__DESCRIPTION OF THE TASK__.
Apart from the pictures, every entry should be reproduced exactly.

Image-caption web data
○ ○ ○ ○
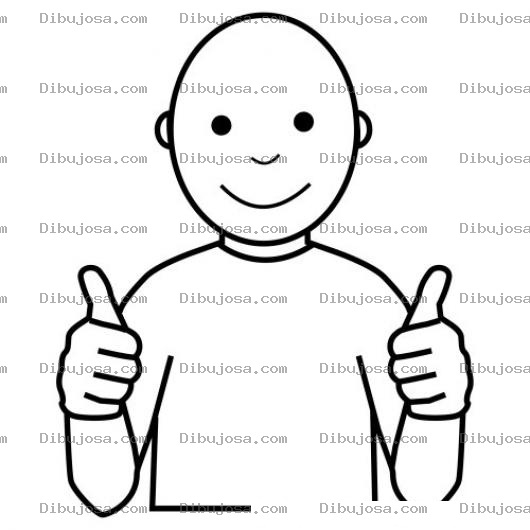 Dibujo para colorear Dos Pulgares Arriba Para Colorear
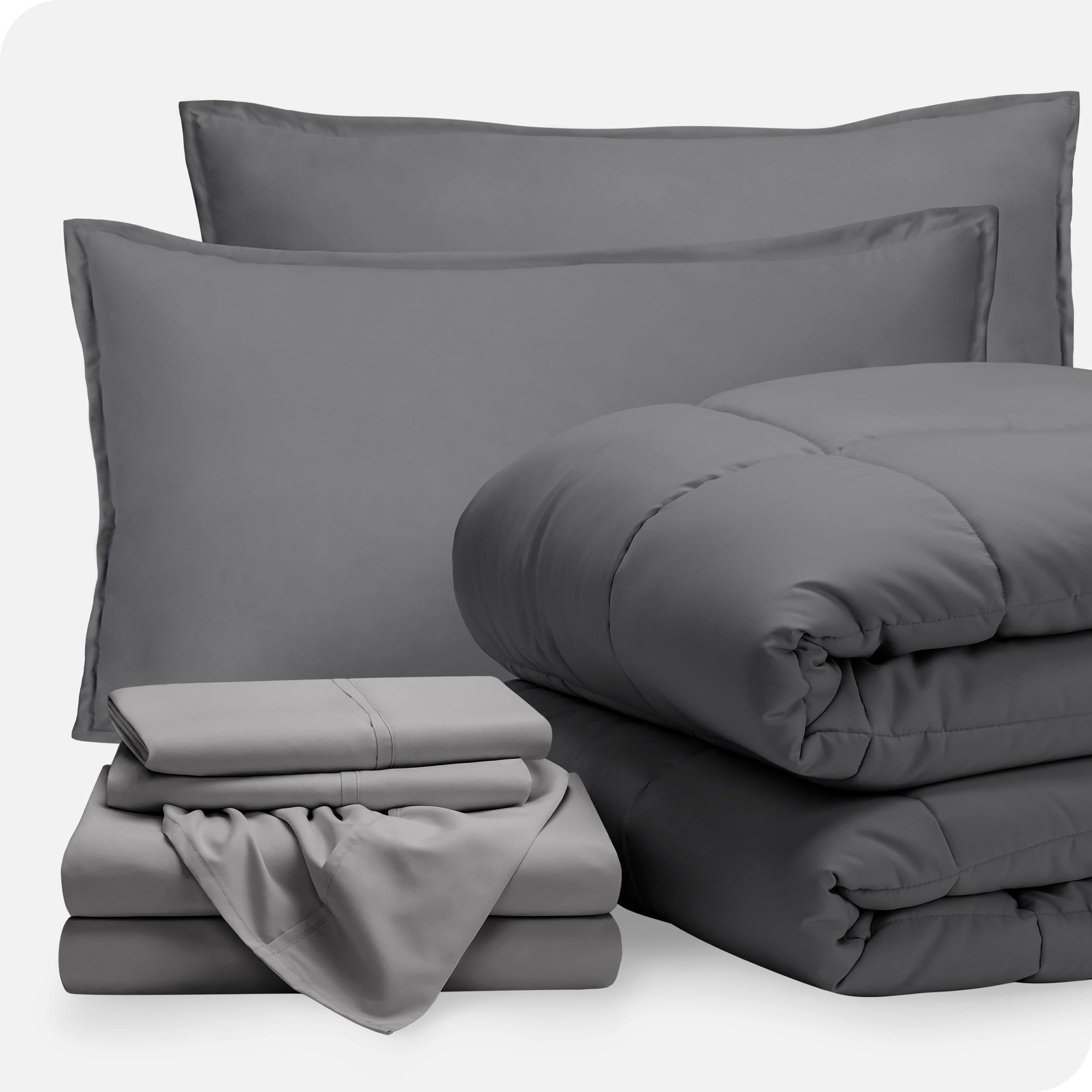 Bare Home Bed-in-a-Bag 7 Piece Comforter & Sheet Set - Queen - Goose Down Alternative - Ultra-Soft 1800 Premium - Hypoallergenic - Breathable Bedding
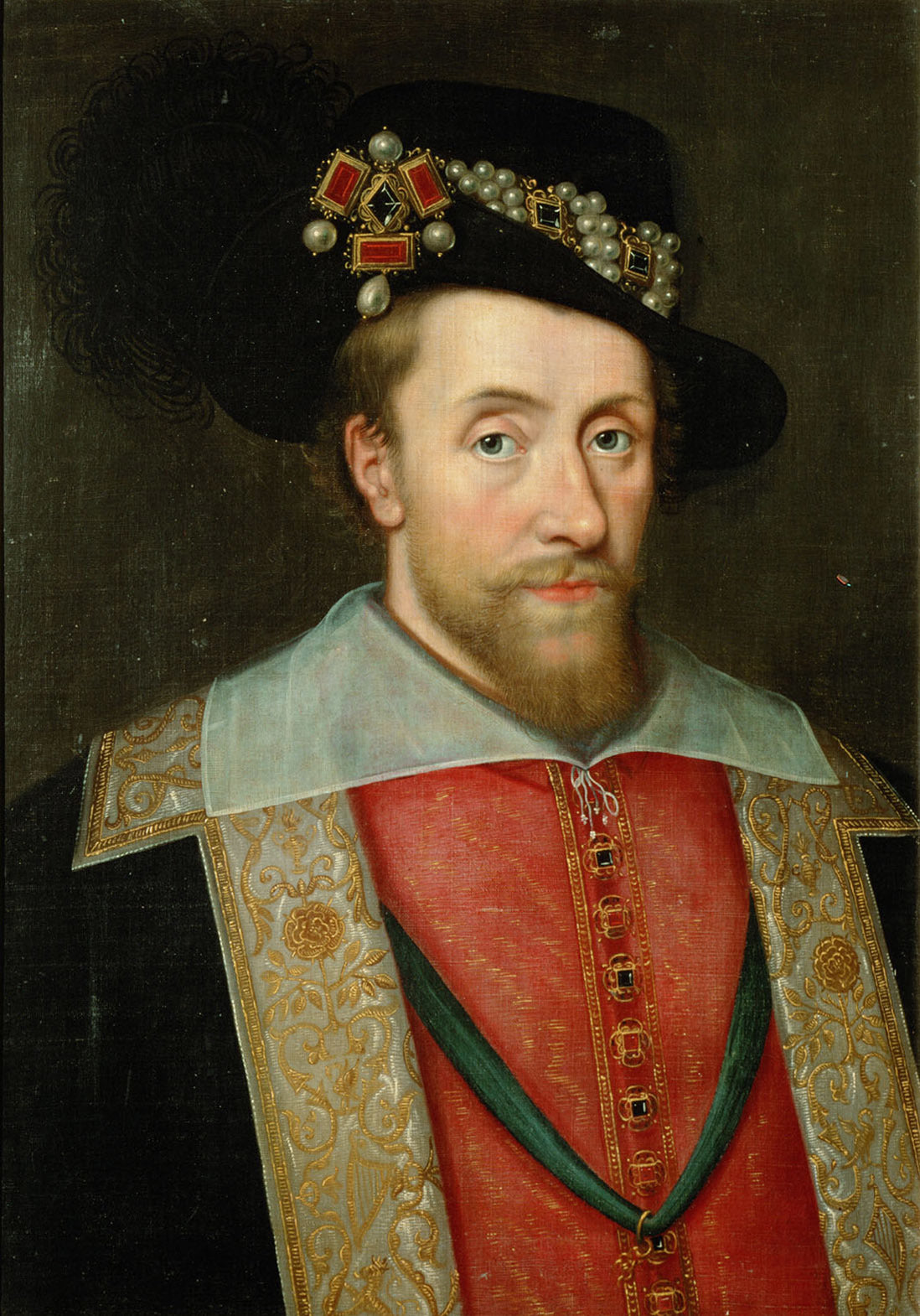 James the 1st Renaissance Brooch with 4 Pearls a Ruby-Red Glass Gems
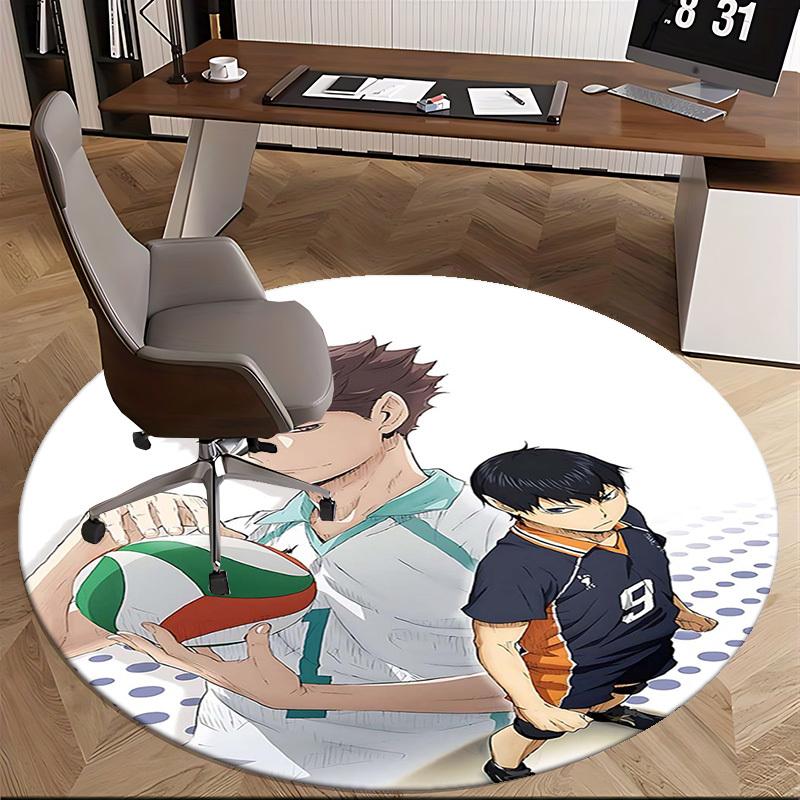 1pc Anime Volleyball Player Round Carpet  Office Chair Mat, NonSlip Rug for Anime Lovers, Seasonal Gift, Suitable for Home Decor, Living Room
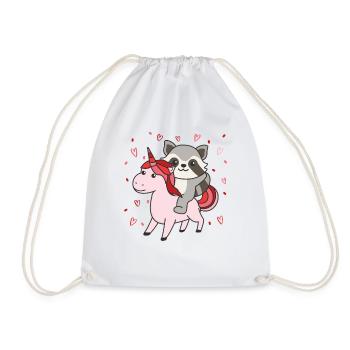 Raccoon with Unicorn Hearts Favorite Animal Heart - Drawstring Bag - white - Front
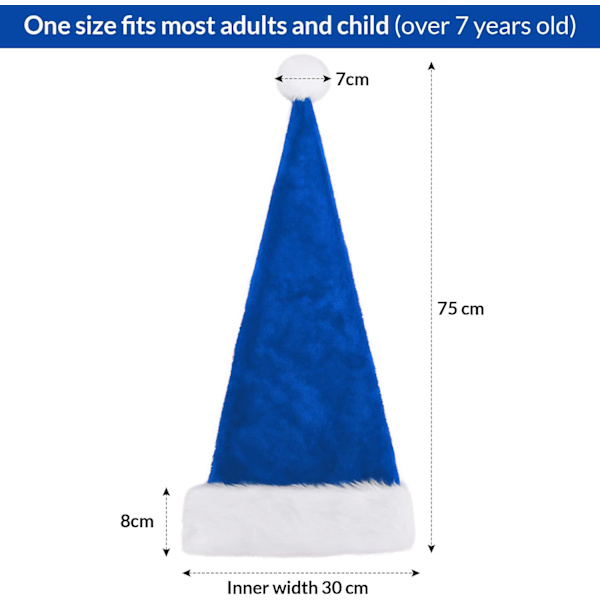 Julhatt Tomtehatt För Vuxna, Plus Lång Julhatt Lyxig Tomtehatt, Julpartyhatt För Män Och Kvinnor, Jultillbehör Blå blue adult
○ ○ ○ ○
__ANSWER SECTION__.
 Dibujo para colorear Dos Pulgares Arriba Para Colorear
 Bare Home Bed-in-a-Bag 7 Piece Comforter & Sheet Set - Queen - Goose Down Alternative - Ultra-Soft 1800 Premium - Hypoallergenic - Breathable Bedding
 James the 1st Renaissance Brooch with 4 Pearls a Ruby-Red Glass Gems
 1pc Anime Volleyball Player Round Carpet  Office Chair Mat, NonSlip Rug for Anime Lovers, Seasonal Gift, Suitable for Home Decor, Living Room
 Raccoon with Unicorn Hearts Favorite Animal Heart - Drawstring Bag - white - Front
 Julhatt Tomtehatt För Vuxna, Plus Lång Julhatt Lyxig Tomtehatt, Julpartyhatt För Män Och Kvinnor, Jultillbehör Blå blue adult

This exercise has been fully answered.